▶ [SUPPLIED DATA]
----------

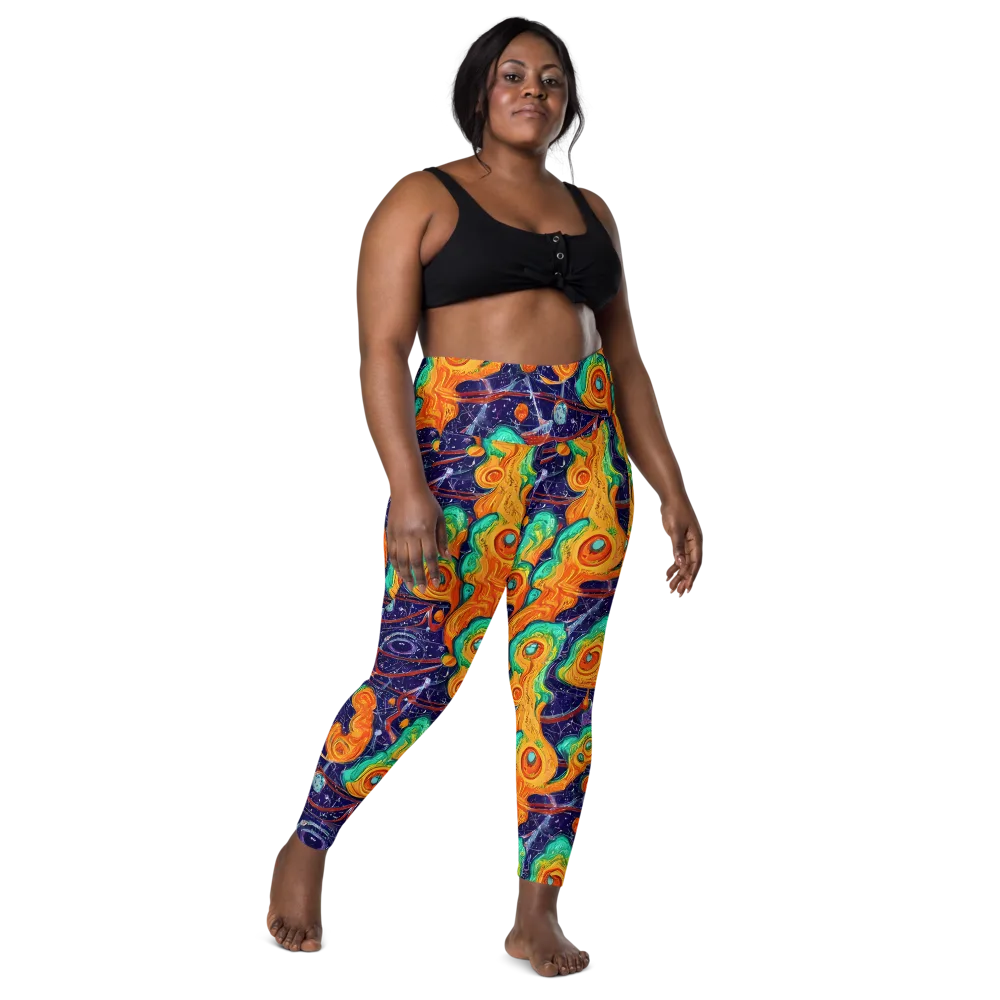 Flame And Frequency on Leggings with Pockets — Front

----------

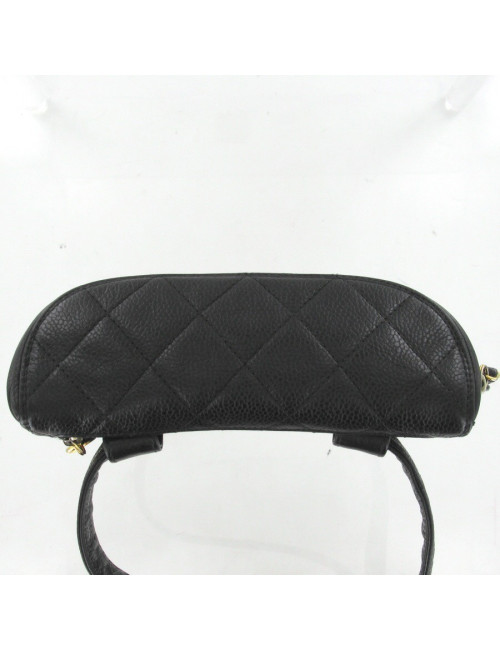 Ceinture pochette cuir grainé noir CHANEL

----------

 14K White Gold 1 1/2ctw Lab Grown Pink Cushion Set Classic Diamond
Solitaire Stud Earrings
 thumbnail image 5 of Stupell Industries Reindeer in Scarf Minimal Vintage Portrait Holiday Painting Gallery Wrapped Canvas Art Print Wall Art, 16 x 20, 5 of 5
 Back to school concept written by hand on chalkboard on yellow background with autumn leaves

----------

▶ [BRIEF] Reproduce the entries above exactly, but only the lines between the line holding "14K White Gold" and the line holding "Back to school", inclusive.

▶ [YOUR RESPONSE]
 14K White Gold 1 1/2ctw Lab Grown Pink Cushion Set Classic Diamond
Solitaire Stud Earrings
 thumbnail image 5 of Stupell Industries Reindeer in Scarf Minimal Vintage Portrait Holiday Painting Gallery Wrapped Canvas Art Print Wall Art, 16 x 20, 5 of 5
 Back to school concept written by hand on chalkboard on yellow background with autumn leaves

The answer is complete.